Published on October 1, 2013 by Paul Alapat
I recently completed a week of meetings in Hong Kong and Singapore, where I met with several of our clients and prospects from the capital markets industry. Like financial institutions in the rest of the world, they too were being tossed around as markets and currencies wobbled with the changing expectations of when the Fed would start the ‘taper’ and over the timing of the widely anticipated US intervention in Syria.
The challenging market conditions are compounded by the fact that the cost environment in Asia, particularly Singapore, is no longer very competitive. The sustained appreciation of the Singapore dollar had now made the cost of living in the city state equal to or higher than in Hong Kong and Tokyo. Singapore’s steep cost of living is aggravated by high salaries and scarcity of specialist technical human capital in both Singapore and Hong Kong.Moreover, East Asia is a fragmented market that demands coverage of South Korea, China, Taiwan, Indonesia, Thailand, Malaysia and India at a minimum, apart from Hong Kong and Singapore, to be considered a credible regional player. None of these markets offer the critical mass required to justify cost-effective, specialist coverage. As such, the challenges of running a profitable operation in the Asian capital markets space should not be underestimated.

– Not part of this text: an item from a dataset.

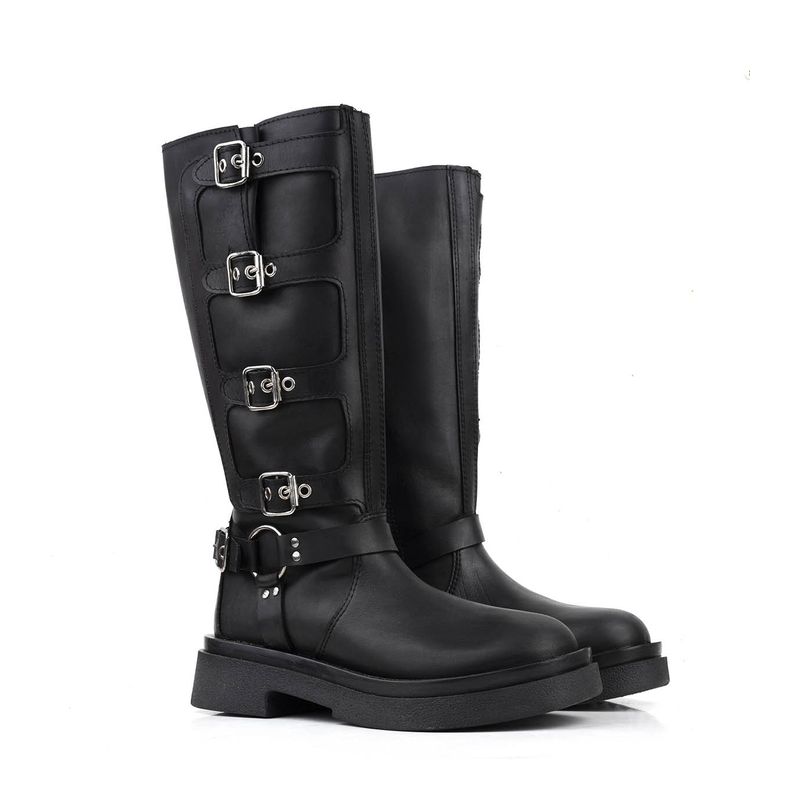Botas altas moteras de cuero negro| Botas de mujer Batistella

That said, the region lends itself well to support from a centralized shared team offshored to a competitively priced location such as South Asia, which has reaped economies of scale by clubbing the individual support needs of each country in one common team. The time zone and geographical location is close enough to allow real-time overlap and travel to onsite client locations at short notice, if needed.
During the trip, I had several fruitful conversations on outsourced support for index operations, structured products work, RFP support and commodity research, which testifies to the advantages of outsourcing specialist capital markets work from the regional financial centres of East Asia.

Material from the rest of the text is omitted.